For doing (print 0d0) and (print 0) one million times, the results
are:

double-float:
  3.81 seconds of real time
  184,183,488 bytes consed.

integer:
  0.3 seconds of real time
  2,360 bytes consed.

> I also seem to remember
> that CMUCL was none too sophisticated about reading and printing floats, but I
> might be wrong -- have a look at the code and if it seems you'd be better of
> rolling your own maybe this paper will be useful (also contains code in
> scheme):
>
> <http://citeseer.ist.psu.edu/rd/3022765%2C28233%2C1%2C0.25%2CDownload/...>
>
> I'm sure the cmucl developers would welcome a patch if it indeed turns out
> that cmucl's float printing code is suboptimal.

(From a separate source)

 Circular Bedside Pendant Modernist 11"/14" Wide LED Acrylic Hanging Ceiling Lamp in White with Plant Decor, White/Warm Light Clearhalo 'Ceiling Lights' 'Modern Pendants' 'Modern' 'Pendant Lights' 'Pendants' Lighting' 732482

Thanks for the pointer, I'll have a look at it.

Regards,
Boris
From: Alex Mizrahi
Subject: Re: fast io of numbers in ascii
Date: 
Message-ID: <465855dd$0$90270$14726298@news.sunsite.dk>
(message (Hello ······@uncommon-sense.net)
(you :wrote  :on '(26 May 2007 07:10:43 -0700))
(

 b> I have a program calculating eigenvalues of large matrices, and I want
 b> to write out the matrices and eigenvectors directly in a postscript
 b> format.

 b>         (format s "~d~%" i)))

do not do format this way -- it needs to parse it's arguments each time. 
either use (format s (formatter "~d~%") i) -- formatter will create a 
compiled optimized function for formatting. or better use PRINC function.

)
(With-best-regards '(Alex Mizrahi) :aka 'killer_storm)
"I am everything you want and I am everything you need") 
From: Edi Weitz
Subject: Re: fast io of numbers in ascii
Date: 
Message-ID: <ubqg7y3ad.fsf@agharta.de>
On Sat, 26 May 2007 18:44:21 +0300, "Alex Mizrahi" <········@users.sourceforge.net> wrote:

>  b>         (format s "~d~%" i)))
>
> do not do format this way -- it needs to parse it's arguments each
> time.

Really?  Shouldn't a sufficiently smart compiler be able to figure out
that the format string is constant and (using a compiler macro) act
accordingly?

-- 

Lisp is not dead, it just smells funny.

Real email: (replace (subseq ·········@agharta.de" 5) "edi")
From: Kalle Olavi Niemitalo
Subject: Re: fast io of numbers in ascii
Date: 
Message-ID: <874plzo78f.fsf@Astalo.kon.iki.fi>
Edi Weitz <········@agharta.de> writes:

> Shouldn't a sufficiently smart compiler be able to figure out
> that the format string is constant and (using a compiler macro)
> act accordingly?

FWIW, (compiler-macro-function 'cl:format) returns NIL in SBCL
0.9.5.50, but the compiler generates calls to WRITE and TERPRI
anyway, if suitable optimization qualities have been declared;
this has been implemented with (deftransform format ...) forms
in src/compiler/srctran.lisp.

(I'm aware there are newer versions.)